In January 2014, in a speech at the Department of Justice to address domestic and international concerns regarding U.S. intelligence activities, President Obama announced that the Intelligence Community would end the NSA bulk telephony metadata program conducted under Section 215 of the USA PATRIOT Act. The President directed the Intelligence Community and the Attorney General to develop options for a new approach to match the capabilities and fill the gaps that the Section 215 program was designed to address without the government acquiring this metadata in bulk. Based on a recommendation from the Director of National Intelligence and the Attorney General, and after carefully considering the available options, in particular accepting one of the key recommendations of the President’s Review Group on Intelligence and Communications Technologies, the President announced in March 2014 that the government should no longer acquire this data in bulk. Instead, the President indicated that the data should remain at the telephone companies with a legal mechanism in place that would allow the government to obtain data pursuant to individual orders from the Foreign Intelligence Surveillance Court (FISC) approving the use of specific numbers to serve as the basis for the targeted production of telephony metadata.

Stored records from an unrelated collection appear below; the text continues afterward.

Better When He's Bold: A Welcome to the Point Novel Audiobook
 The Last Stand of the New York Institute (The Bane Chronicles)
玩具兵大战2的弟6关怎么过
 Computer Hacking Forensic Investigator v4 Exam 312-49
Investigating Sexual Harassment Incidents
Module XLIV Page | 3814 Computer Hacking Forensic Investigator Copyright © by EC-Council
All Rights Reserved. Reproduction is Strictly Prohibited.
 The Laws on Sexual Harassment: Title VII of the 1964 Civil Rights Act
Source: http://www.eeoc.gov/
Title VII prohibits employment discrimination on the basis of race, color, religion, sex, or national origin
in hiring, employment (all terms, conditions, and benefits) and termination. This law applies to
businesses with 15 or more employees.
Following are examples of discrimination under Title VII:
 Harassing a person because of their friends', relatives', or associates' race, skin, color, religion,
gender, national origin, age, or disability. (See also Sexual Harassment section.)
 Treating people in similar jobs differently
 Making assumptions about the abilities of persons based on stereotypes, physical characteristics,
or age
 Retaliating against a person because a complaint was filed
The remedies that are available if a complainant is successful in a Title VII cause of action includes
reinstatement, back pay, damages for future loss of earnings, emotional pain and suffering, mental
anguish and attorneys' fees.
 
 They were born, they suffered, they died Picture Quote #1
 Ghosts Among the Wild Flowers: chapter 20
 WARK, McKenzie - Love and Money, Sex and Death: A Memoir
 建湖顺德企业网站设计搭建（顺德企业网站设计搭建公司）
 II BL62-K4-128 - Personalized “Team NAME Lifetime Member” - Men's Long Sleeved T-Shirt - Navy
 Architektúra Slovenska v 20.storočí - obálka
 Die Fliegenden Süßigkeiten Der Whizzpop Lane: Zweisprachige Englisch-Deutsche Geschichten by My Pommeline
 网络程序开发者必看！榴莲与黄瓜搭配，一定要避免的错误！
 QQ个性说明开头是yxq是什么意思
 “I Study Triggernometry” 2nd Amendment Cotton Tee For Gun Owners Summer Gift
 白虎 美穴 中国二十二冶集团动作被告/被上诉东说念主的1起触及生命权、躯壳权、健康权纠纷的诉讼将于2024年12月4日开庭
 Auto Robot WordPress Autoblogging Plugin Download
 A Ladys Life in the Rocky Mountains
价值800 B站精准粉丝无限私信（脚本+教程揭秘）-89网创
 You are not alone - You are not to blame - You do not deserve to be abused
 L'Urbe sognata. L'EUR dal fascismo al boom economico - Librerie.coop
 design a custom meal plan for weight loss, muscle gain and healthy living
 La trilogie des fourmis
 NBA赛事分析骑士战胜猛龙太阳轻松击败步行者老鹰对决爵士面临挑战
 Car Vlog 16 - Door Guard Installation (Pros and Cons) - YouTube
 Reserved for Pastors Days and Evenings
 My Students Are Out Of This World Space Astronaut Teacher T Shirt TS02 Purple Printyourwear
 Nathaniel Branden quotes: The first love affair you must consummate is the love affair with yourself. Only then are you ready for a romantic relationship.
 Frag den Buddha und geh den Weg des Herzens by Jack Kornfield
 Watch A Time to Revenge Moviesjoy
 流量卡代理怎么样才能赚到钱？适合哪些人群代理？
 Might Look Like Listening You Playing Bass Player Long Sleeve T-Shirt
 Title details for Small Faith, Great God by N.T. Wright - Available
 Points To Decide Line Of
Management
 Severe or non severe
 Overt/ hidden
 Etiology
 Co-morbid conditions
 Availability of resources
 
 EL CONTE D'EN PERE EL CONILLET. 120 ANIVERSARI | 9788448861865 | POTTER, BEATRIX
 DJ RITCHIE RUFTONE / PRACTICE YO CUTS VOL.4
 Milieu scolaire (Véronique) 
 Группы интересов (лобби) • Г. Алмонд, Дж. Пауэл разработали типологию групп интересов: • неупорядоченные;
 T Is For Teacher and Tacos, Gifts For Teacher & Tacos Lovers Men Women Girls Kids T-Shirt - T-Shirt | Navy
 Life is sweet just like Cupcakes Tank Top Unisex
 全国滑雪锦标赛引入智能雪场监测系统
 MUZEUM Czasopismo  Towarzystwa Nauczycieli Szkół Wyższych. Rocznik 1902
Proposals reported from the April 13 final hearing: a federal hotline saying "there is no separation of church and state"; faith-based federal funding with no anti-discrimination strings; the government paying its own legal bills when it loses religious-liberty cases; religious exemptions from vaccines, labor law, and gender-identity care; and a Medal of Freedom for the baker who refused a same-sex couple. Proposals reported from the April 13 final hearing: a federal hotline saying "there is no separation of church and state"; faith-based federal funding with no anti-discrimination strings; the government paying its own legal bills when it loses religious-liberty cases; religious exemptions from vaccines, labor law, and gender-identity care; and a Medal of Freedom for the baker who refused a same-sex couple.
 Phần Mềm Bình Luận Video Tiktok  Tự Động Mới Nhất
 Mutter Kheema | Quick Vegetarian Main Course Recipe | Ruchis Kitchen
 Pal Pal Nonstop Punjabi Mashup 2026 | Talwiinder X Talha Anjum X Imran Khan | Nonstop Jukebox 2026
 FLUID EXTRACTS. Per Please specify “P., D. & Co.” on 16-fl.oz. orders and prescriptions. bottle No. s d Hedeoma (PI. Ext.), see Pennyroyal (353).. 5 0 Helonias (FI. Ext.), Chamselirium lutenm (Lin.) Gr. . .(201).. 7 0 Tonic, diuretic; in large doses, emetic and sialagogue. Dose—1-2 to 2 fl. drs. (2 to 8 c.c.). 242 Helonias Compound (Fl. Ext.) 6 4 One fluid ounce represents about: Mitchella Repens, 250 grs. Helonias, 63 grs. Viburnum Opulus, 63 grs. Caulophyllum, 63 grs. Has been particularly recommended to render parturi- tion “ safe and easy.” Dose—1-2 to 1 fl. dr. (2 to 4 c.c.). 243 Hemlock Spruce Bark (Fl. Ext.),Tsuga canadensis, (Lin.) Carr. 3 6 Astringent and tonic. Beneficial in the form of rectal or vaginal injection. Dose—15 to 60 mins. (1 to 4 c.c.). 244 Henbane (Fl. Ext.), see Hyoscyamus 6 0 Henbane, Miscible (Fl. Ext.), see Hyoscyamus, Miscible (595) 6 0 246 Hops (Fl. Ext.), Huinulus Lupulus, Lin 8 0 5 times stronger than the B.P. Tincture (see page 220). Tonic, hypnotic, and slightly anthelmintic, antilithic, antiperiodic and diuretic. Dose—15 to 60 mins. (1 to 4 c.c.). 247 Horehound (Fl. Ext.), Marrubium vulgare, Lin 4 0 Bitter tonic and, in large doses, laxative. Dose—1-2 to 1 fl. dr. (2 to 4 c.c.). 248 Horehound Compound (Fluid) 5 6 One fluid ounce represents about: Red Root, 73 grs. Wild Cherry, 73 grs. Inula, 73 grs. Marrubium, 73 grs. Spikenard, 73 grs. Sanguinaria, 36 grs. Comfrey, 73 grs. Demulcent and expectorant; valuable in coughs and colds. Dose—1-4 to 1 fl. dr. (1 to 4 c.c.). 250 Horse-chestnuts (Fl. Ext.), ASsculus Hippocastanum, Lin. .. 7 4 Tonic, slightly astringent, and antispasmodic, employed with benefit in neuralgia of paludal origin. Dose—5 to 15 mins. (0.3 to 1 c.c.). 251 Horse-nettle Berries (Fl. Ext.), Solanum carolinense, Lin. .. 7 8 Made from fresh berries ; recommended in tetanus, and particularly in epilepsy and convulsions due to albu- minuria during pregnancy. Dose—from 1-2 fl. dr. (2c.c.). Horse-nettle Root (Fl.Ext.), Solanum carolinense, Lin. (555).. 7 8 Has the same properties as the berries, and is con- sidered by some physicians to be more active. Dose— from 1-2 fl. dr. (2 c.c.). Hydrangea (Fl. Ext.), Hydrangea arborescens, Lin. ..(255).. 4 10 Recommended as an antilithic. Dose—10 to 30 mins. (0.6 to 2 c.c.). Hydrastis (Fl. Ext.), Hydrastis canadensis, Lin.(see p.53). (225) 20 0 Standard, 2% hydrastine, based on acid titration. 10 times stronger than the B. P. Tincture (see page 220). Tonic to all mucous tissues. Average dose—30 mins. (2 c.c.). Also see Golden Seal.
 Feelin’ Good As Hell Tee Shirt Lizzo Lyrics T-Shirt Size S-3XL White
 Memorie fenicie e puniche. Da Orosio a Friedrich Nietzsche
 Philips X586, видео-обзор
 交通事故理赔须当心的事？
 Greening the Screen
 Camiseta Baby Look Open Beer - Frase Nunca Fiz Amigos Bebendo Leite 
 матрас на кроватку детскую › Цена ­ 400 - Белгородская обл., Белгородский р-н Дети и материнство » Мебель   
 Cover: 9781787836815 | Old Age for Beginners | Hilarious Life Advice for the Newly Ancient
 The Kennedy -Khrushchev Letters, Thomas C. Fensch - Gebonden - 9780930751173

The President also noted, however, that legislation would be required to implement this new approach and the administration worked closely with Congress to enact the President’s proposal. On June 2, 2015, Congress passed and the President signed the USA FREEDOM Act of 2015. The Act reauthorized several important national security authorities; banned bulk collection under Section 215 of the USA PATRIOT Act, under the pen register and trap and trace provisions found in Title IV of Foreign Intelligence Surveillance Act (FISA), or pursuant to National Security Letters; adopted the new legal mechanism proposed by the President regarding the targeted production of telephony metadata; made significant modifications to proceedings before the FISC; and built on the U.S. Government’s unprecedented transparency about intelligence activities. With respect to the new mechanism for the targeted production of telephony metadata, to allow sufficient time to implement a new system while at the same time avoiding any lapse in a national security program, the USA FREEDOM Act provided for a 180-day transition period during which the existing NSA bulk telephony metadata program may continue.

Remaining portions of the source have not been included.